(RECORDS PROVIDED begins)

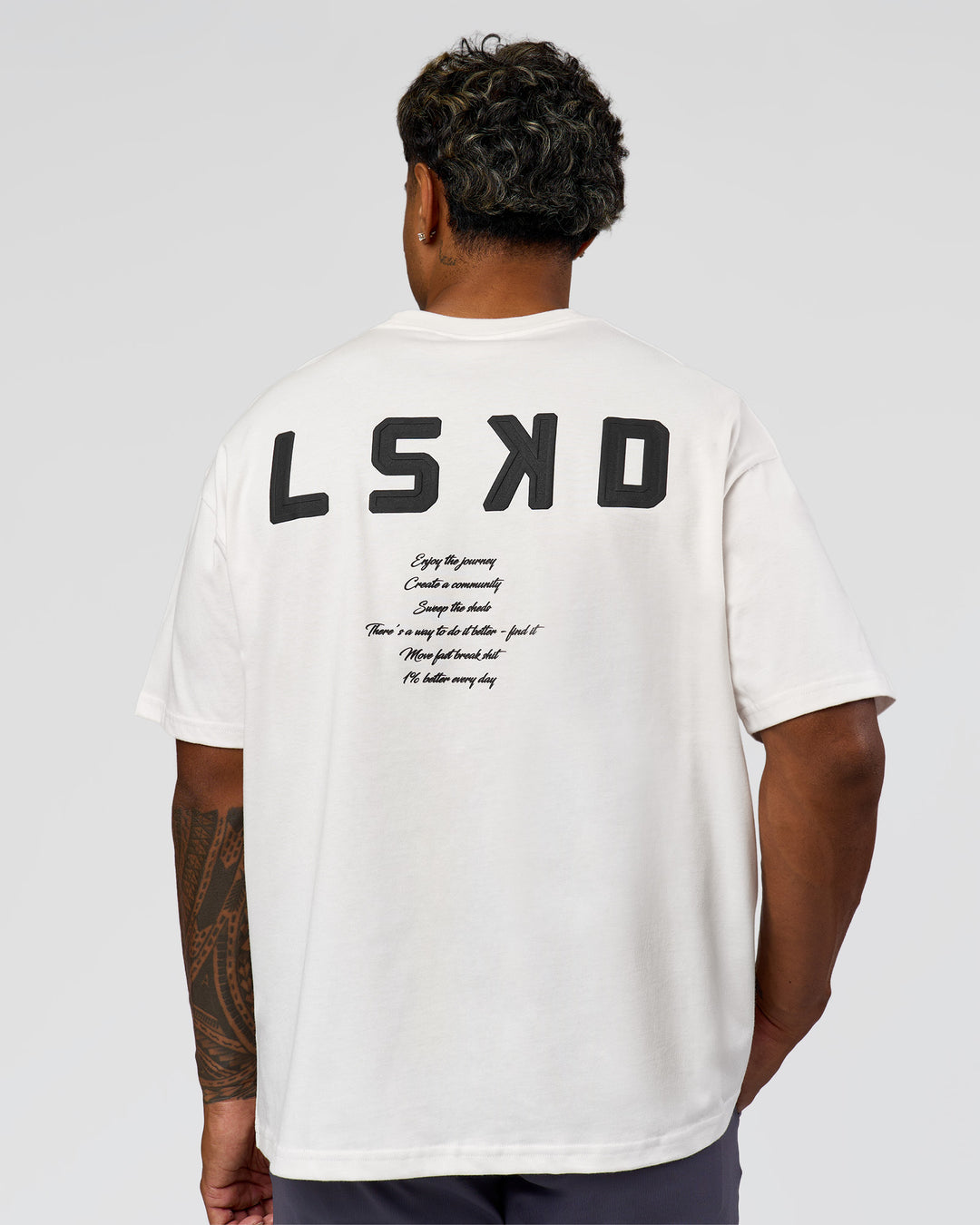 Man wearing Hype Heavyweight Unisex Oversized Tee - Off White-Black | Model:Xavier | Size:L - view 13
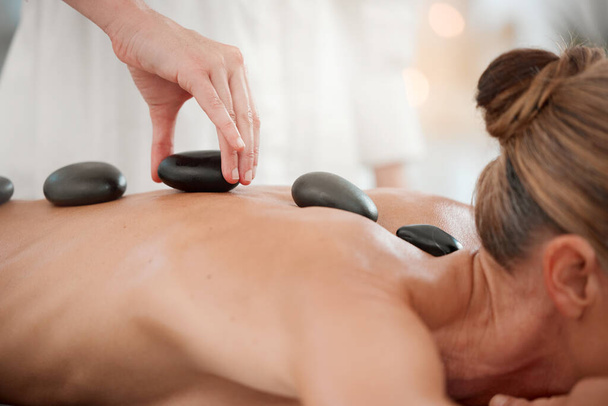 a massage therapist placing hot stones onto a clients back during a treatment. - Photo, image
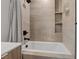 Stylish bathroom showcasing modern fixtures, a white tub, and tiled walls with built-in shelves at 16 Heron Harbour Dr, Henderson, NV 89011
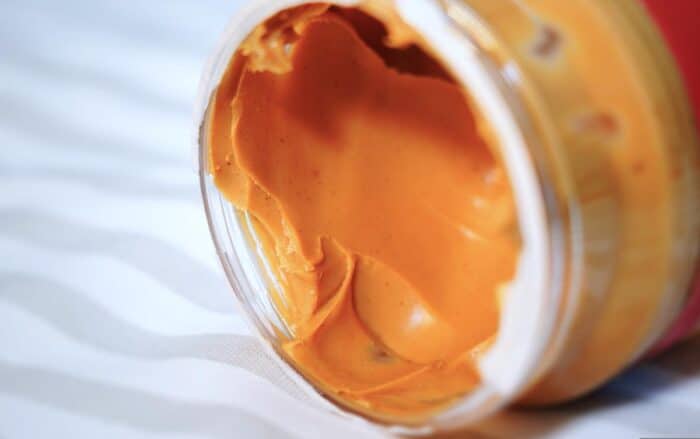 Open peanut butter jar close up on table.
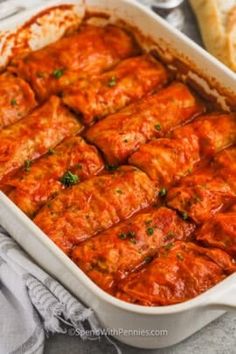 a casserole dish filled with meat and sauce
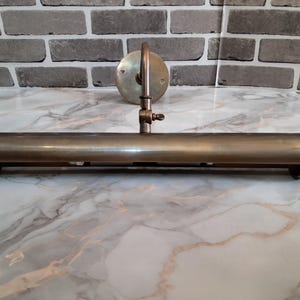May include: A wall-mounted picture light fixture with a cylindrical, antique brass-toned metal shade. The lamp features a circular mounting plate, a curved support arm, and an adjustable hinge mechanism with a small screw for positioning the light.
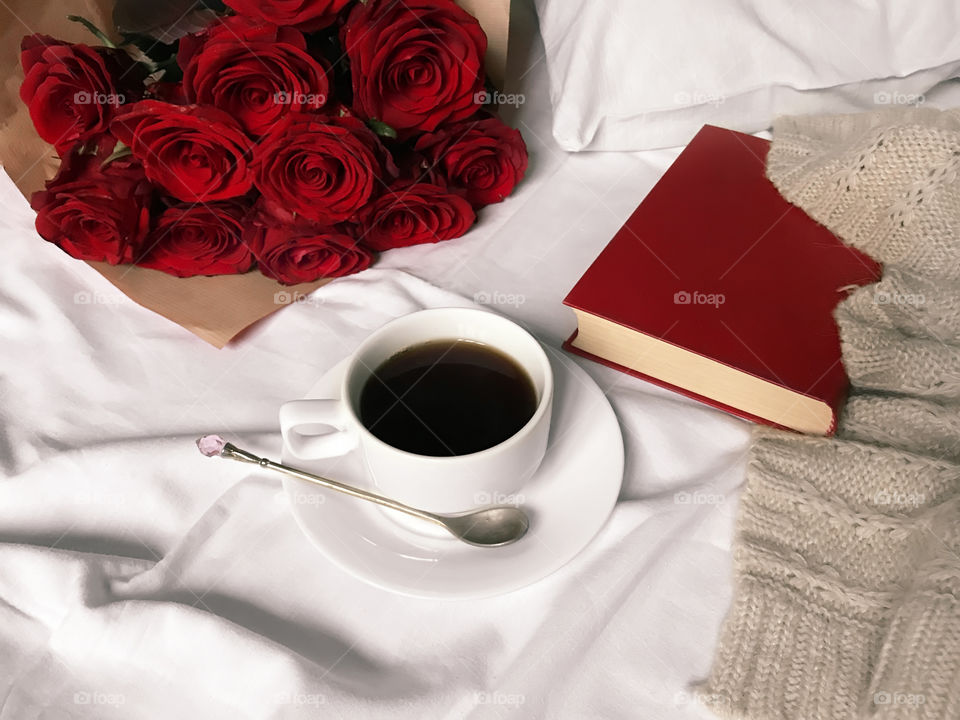 White cup with black coffee in white bed with red roses and red book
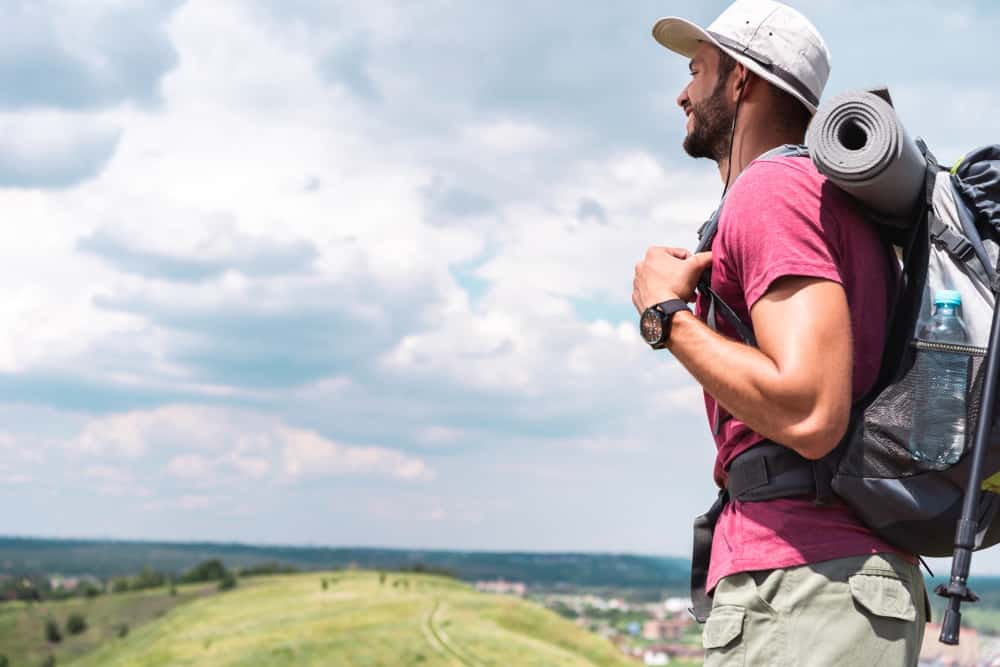 male tourist in hat with backpack looking at summe 2021 06 14 23 03 31 utc 1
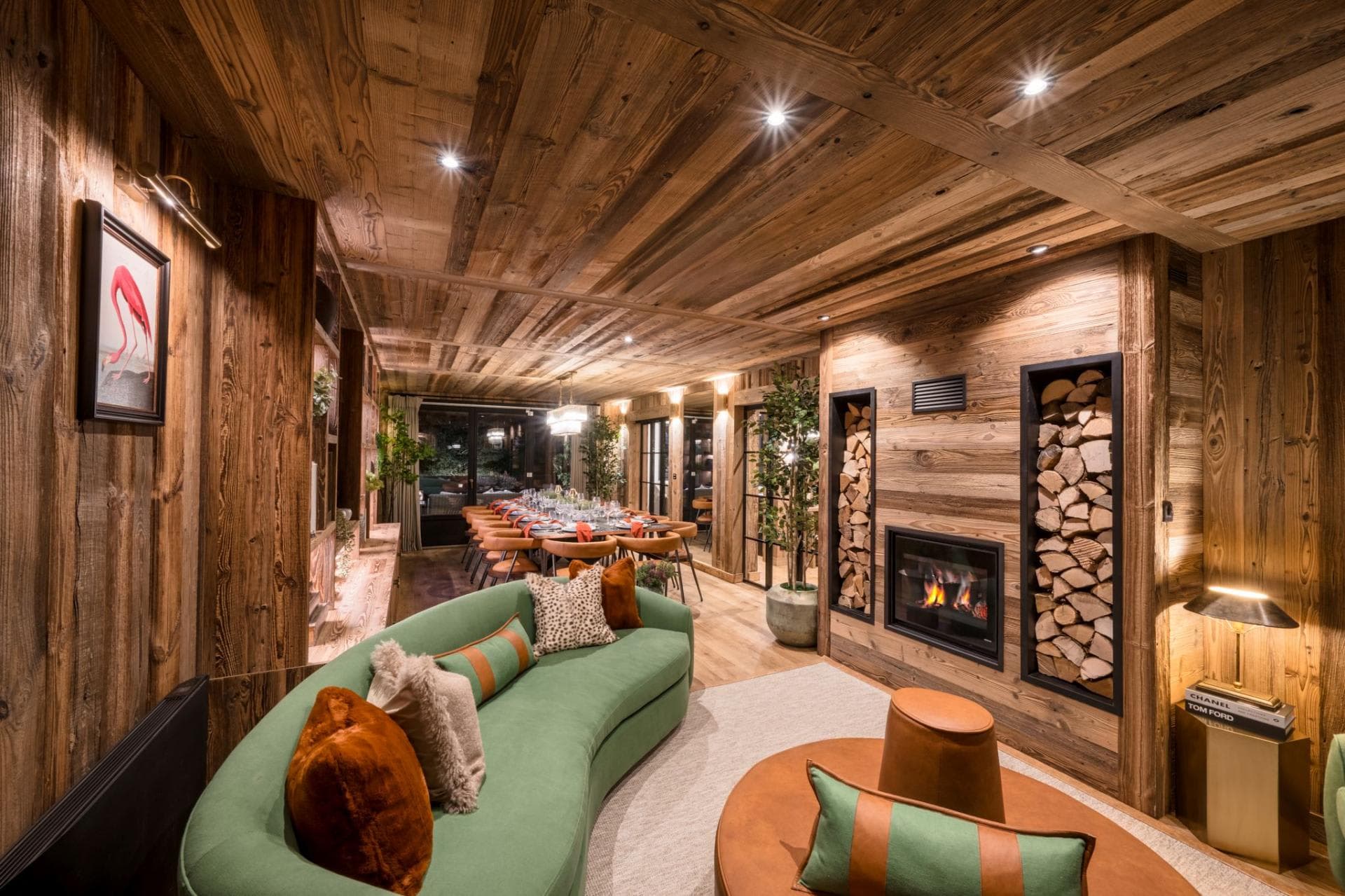 Open living area with wood-burning fireplace and dining table for 12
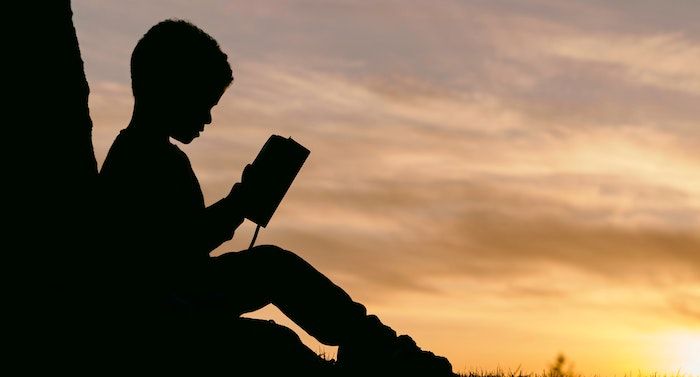 image of a child reading a book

(RECORDS PROVIDED ends)

WHAT YOU SHOULD DO: From the opening line of the entries, copy each line exactly until the line with "White cup with", which is copied as well; leave out pictures.

EXERCISE RESULT:
 Man wearing Hype Heavyweight Unisex Oversized Tee - Off White-Black | Model:Xavier | Size:L - view 13
 a massage therapist placing hot stones onto a clients back during a treatment. - Photo, image
 Stylish bathroom showcasing modern fixtures, a white tub, and tiled walls with built-in shelves at 16 Heron Harbour Dr, Henderson, NV 89011
 Open peanut butter jar close up on table.
 a casserole dish filled with meat and sauce
May include: A wall-mounted picture light fixture with a cylindrical, antique brass-toned metal shade. The lamp features a circular mounting plate, a curved support arm, and an adjustable hinge mechanism with a small screw for positioning the light.
 White cup with black coffee in white bed with red roses and red book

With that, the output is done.